Job title: Cloud Engineer – Consultant (3-6 years)
About
At Deloitte, we do not offer you just a job, but a career in the highly sought-after risk management field. We are one of the business leaders in the risk market. We work with a vision to make the world more prosperous, trustworthy, and safe. Deloitte’s clients, primarily based outside of India, are large, complex organizations that constantly evolve and innovate to build better products and services. In the process, they encounter various risks and the work we do to help them address these risks is increasingly important to their success—and to the strength of the economy and public security.
By joining us, you will get to work with diverse teams of professionals who design, manage, implement & support risk-centric solutions across a variety of domains. In the process, you will gain exposure to the risk-centric challenges faced in today’s world by organizations across a range of industry sectors and become subject matter experts in those areas.

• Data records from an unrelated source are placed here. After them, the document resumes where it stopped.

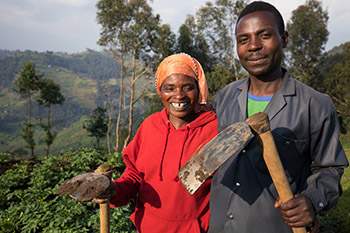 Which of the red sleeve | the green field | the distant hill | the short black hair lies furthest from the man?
the distant hill

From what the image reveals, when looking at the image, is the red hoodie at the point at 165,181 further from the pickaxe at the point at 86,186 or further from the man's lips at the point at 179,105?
the pickaxe at the point at 86,186

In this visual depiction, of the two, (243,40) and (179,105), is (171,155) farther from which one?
(243,40)

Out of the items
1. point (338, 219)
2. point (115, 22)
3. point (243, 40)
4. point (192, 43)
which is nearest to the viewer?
point (243, 40)

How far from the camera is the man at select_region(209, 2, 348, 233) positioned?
1.22m

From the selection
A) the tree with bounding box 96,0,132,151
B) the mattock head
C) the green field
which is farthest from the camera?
the tree with bounding box 96,0,132,151

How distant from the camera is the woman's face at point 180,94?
1704 mm

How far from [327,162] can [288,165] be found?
178mm

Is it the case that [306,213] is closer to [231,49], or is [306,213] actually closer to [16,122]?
[231,49]

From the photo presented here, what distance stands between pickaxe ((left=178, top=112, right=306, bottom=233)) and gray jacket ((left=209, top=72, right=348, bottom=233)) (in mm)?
257

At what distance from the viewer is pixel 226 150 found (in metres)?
1.00

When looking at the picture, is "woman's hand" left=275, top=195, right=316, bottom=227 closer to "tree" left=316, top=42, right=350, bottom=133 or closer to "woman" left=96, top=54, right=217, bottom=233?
"woman" left=96, top=54, right=217, bottom=233

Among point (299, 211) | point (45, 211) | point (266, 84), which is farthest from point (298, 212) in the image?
point (45, 211)

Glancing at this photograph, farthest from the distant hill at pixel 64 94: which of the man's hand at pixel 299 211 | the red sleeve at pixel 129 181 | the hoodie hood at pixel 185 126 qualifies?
the man's hand at pixel 299 211

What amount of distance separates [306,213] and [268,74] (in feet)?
2.46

Our Audit and Assurance services professionals help organizations effectively navigate business risks and opportunities—from financial risks to operational, IT, business and regulatory risks—to gain competitive advantage. We apply our experience in ongoing business operations and corporate lifecycle events to help clients become stronger and more resilient. Our market-leading teams help clients embrace complexity to accelerate performance, disrupt through innovation, and lead in their industries. We use cutting-edge technology like AI/ML techniques, analytics, and Robotic Process Automation (RPA) to solve Deloitte’s clients‘ most complex issues. Working in Audit and Assurance at Deloitte US-India offices has the power to redefine your ambitions.
Work you’ll do
The key job responsibilities will be to:
· Reliability & Performance
- Design, implement, and maintain scalable, resilient cloud or hybrid infrastructure (e.g., AWS, Azure, GCP).

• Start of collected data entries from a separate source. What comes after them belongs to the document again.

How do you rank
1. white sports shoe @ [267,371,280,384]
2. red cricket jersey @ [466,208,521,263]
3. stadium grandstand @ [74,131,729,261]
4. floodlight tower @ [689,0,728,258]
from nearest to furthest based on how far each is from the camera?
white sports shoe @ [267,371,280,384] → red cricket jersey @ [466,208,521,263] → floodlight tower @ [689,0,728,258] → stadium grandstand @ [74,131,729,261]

- Define, measure, and monitor Service Level Objectives (SLOs) and Service Level Indicators (SLIs).
- Collaborate closely with application teams to enhance the reliability, performance, and scalability of products and services.
- Conduct capacity planning to ensure systems scale efficiently with growth.

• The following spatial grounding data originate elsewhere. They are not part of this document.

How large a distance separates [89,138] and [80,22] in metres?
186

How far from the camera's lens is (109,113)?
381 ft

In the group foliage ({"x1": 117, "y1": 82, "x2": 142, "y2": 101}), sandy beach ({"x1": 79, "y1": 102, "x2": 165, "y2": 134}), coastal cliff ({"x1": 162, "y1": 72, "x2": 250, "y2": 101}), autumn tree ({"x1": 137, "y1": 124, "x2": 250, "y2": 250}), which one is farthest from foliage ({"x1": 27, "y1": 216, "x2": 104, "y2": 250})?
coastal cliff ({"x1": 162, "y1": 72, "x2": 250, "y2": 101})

· Automation & Toil Reduction
o Identify repetitive operational tasks (toil) and automate them through scripts, custom tooling, or frameworks.
o Champion infrastructure-as-code and configuration management using technologies such as Terraform, Ansible, or CloudFormation.
o Manage and improve CI/CD pipelines to streamline deployments and reduce manual processes.
· Monitoring, Incident Management & Continual Improvement
o Implement comprehensive system monitoring, alerting, and observability solutions (e.g., Prometheus, Grafana, Datadog, ELK Stack).
o Drive incident response processes, facilitate root cause analysis, and lead blameless postmortems to promote learning and continuous improvement.
o Develop and maintain operational runbooks for incident and disaster recovery scenarios.
· Security & Compliance
o Ensure infrastructure and services adhere to security best practices and compliance requirements.
o Collaborate with security teams to implement robust access controls, data protection measures, and monitoring for potential vulnerabilities.
Required skills
• Bachelor’s degree in Computer Science, Engineering, or a related technical field, or equivalent experience.
• 3+ years of experience in Site Reliability Engineering, DevOps, Systems Engineering, or Software Engineering.
• Proficient in at least one programming or scripting language (e.g., Python, Go, Bash).
• Hands-on experience managing production systems in cloud environments (AWS, GCP, Azure).
• Knowledge of infrastructure-as-code practices and tools (Terraform, CloudFormation, etc.).
• Strong background in monitoring, alerting, and observability (e.g., Prometheus, Grafana, Datadog, ELK Stack).
• Familiarity with containerization and orchestration (e.g., Docker, Kubernetes).
• Excellent analytical, troubleshooting, documentation, and communication skills.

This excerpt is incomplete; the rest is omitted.